Problems with basic Apollonian Circle Packing

Good afternoon, I might be a bit a square because I can’t seem to get the basics of Apollonian circle packing.

I’ve used both the definition of curvature and Complex Descartes Theorem to draw the newest circle, and it works great in the first iteration, but when I repeat this for the second iteration it somehow fails the calculation by placing the newest circle in the wrong area and the wrong size. (refer to images ⍗)

Iteration #1
Iteration #2

My question is where have I gone wrong? is there something I’m not understanding about these equations, or coded something incorrectly?

I’ve included the program I put together using python if that’s any help, but this is also included in the attached files.

import cmath



#Definition of Curvature (Radius)
k4=(k1+k2+k3)  -  ((cmath.sqrt((k1*k2)+(k2*k3)+(k1*k3)))*2)

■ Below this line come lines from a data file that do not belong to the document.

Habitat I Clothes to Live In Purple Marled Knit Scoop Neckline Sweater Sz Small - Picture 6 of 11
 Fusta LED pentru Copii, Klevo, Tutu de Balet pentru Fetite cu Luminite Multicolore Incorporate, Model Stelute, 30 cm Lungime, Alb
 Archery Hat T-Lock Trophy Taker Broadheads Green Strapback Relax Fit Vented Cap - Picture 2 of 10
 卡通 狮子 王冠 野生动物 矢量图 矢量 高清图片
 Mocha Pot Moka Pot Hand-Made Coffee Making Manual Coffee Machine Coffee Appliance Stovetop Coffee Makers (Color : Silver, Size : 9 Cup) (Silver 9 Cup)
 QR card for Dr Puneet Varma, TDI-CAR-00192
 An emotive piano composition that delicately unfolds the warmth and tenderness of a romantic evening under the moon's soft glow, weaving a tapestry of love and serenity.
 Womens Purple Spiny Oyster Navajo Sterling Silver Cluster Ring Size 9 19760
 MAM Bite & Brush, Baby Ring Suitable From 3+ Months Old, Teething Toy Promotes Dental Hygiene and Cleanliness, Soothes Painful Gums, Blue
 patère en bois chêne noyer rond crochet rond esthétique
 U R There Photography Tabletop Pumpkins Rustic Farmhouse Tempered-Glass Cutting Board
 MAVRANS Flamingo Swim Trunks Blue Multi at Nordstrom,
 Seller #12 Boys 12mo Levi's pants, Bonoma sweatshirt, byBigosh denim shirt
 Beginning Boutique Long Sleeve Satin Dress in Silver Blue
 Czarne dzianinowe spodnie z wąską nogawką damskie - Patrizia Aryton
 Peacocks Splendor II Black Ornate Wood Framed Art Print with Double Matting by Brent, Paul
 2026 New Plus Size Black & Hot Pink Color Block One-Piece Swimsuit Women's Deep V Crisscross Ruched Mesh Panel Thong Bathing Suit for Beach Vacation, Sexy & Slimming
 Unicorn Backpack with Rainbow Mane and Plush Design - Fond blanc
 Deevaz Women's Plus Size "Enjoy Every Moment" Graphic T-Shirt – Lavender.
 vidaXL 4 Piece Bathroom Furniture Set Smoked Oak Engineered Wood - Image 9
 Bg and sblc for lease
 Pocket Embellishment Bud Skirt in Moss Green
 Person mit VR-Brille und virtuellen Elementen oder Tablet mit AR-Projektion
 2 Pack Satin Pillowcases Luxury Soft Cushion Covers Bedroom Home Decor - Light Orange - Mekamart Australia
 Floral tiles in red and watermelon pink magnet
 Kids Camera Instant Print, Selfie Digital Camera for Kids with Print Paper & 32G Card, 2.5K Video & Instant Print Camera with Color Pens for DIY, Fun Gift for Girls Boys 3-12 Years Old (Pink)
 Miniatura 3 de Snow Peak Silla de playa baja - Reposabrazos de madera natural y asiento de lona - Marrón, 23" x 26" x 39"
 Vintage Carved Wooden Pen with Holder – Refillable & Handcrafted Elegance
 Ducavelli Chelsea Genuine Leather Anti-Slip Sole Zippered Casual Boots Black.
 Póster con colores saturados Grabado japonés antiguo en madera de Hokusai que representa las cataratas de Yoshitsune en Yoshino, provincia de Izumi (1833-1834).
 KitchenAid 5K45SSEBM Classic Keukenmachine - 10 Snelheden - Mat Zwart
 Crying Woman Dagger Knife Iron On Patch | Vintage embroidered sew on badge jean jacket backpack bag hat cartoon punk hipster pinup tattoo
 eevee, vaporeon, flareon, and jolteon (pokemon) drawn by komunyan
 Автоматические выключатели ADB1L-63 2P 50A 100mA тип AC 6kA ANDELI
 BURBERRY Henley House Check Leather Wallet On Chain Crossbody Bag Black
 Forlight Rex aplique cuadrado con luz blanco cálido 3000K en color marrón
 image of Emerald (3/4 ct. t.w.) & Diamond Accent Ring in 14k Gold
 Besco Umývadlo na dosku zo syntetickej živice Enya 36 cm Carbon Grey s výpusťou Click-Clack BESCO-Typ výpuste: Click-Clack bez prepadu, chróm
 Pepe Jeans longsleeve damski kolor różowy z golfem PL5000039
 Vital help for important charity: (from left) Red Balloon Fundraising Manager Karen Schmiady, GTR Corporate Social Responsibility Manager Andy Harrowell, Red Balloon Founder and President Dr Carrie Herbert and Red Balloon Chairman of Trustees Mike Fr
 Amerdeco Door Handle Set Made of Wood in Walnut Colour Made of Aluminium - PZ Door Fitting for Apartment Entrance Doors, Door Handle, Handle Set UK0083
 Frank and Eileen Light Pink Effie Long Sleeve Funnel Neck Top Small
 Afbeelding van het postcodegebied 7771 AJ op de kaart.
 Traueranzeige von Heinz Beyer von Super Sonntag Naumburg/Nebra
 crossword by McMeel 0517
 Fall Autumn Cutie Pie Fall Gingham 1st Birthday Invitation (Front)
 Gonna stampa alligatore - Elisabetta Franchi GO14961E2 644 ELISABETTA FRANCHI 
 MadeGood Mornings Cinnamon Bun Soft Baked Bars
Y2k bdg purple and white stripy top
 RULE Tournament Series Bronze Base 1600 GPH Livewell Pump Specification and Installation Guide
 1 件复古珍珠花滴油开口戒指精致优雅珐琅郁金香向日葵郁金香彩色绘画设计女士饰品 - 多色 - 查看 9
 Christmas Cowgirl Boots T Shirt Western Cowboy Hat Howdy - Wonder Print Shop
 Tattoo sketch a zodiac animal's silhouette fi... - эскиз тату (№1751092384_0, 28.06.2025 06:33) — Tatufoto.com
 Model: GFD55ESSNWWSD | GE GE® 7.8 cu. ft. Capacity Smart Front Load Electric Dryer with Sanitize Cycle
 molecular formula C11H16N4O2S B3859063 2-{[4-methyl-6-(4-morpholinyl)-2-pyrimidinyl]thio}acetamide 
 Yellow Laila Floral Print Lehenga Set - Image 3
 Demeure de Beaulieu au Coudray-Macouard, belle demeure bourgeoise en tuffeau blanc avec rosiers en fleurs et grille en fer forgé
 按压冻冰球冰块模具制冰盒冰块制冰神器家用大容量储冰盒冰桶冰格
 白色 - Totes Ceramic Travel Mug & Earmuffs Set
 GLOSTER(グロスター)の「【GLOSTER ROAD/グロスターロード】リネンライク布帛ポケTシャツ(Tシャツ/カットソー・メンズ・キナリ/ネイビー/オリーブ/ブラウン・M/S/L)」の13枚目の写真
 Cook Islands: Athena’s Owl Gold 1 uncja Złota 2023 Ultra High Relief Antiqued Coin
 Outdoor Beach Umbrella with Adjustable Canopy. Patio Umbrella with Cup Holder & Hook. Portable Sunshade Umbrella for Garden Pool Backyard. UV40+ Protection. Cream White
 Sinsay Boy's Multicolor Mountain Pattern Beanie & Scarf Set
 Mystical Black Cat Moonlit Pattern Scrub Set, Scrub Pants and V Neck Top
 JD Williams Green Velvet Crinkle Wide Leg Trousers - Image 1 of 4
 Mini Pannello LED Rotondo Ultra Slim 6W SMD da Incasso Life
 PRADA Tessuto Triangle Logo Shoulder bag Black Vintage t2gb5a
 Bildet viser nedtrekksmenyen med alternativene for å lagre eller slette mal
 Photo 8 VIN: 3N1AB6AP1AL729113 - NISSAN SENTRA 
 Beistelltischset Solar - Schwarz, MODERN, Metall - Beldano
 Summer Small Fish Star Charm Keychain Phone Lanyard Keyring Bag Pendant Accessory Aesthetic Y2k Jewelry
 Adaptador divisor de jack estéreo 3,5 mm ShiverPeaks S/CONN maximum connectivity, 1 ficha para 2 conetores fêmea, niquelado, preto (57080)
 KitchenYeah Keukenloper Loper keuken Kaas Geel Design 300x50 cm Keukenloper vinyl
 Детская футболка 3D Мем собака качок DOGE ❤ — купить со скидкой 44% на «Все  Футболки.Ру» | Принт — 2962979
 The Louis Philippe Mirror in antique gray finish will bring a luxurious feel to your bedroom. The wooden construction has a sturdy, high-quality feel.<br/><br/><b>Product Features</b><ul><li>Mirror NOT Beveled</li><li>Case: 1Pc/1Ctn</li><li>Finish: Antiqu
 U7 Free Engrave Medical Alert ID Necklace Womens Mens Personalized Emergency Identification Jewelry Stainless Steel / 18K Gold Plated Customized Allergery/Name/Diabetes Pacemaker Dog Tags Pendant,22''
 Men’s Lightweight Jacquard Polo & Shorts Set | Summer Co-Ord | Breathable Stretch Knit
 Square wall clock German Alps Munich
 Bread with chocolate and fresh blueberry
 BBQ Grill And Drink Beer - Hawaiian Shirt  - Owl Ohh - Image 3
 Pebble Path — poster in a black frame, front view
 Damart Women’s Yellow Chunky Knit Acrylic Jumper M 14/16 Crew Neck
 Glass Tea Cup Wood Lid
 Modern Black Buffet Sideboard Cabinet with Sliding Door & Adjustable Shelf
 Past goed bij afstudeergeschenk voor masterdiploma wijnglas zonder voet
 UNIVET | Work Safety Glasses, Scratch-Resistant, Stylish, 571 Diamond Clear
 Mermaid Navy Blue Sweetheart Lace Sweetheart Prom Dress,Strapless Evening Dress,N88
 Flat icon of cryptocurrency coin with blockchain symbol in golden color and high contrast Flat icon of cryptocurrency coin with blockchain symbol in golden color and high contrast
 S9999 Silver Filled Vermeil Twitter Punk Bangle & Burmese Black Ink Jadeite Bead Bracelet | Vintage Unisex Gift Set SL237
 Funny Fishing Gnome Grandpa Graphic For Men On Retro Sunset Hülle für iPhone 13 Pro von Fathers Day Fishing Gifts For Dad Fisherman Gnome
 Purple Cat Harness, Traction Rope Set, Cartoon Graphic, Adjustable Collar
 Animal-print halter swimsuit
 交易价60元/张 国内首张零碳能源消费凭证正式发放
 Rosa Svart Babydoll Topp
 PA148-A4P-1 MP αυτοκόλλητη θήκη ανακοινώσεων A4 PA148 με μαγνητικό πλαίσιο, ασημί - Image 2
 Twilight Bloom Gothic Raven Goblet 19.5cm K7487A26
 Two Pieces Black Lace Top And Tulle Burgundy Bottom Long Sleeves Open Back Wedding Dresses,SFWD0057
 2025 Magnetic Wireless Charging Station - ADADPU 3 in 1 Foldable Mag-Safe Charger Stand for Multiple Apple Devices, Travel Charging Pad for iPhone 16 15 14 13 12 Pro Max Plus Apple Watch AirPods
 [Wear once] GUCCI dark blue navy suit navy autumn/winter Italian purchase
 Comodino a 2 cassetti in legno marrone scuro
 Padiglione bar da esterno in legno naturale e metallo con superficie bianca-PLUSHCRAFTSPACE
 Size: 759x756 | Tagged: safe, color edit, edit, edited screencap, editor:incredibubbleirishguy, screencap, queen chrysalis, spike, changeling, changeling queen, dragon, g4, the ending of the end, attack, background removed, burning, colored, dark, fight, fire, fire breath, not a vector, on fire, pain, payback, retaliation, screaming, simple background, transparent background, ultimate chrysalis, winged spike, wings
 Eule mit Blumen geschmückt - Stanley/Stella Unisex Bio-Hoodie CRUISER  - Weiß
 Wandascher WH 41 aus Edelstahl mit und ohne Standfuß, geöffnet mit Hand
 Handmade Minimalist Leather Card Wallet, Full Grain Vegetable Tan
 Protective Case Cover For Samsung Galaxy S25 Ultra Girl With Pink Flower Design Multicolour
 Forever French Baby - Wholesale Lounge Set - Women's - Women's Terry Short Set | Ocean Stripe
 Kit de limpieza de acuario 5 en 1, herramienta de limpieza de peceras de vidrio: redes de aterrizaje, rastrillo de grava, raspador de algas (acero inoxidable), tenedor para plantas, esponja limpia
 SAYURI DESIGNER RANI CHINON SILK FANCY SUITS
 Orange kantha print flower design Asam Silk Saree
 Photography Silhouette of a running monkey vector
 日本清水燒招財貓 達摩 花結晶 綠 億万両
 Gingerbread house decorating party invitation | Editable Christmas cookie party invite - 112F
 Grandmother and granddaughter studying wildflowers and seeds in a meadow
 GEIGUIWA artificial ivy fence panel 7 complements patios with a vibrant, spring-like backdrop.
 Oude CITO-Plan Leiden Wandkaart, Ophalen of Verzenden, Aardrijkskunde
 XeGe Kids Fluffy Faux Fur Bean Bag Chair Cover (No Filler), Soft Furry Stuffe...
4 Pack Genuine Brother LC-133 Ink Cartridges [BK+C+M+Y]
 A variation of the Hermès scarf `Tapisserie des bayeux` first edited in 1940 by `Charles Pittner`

#Complex Descartes Theorem
z4=(((z1*k1)+(z2*k2)+(z3*k3))  -  (2*cmath.sqrt((k1*k2*z1*z2)+(k2*k3*z2*z3)+(k1*k3*z1*z3))))  /  k4

circle packing.3dm (58.7 KB)
Apollonian (13.6 KB)

Hello Reillyclover,

Picking this up late, were you able to solve this? Did you try flipping the signs? There are two solutions (with two curvatures, positive and negative), and two centerpoints (which may not correspond to the same curvature sign). Is this helpful?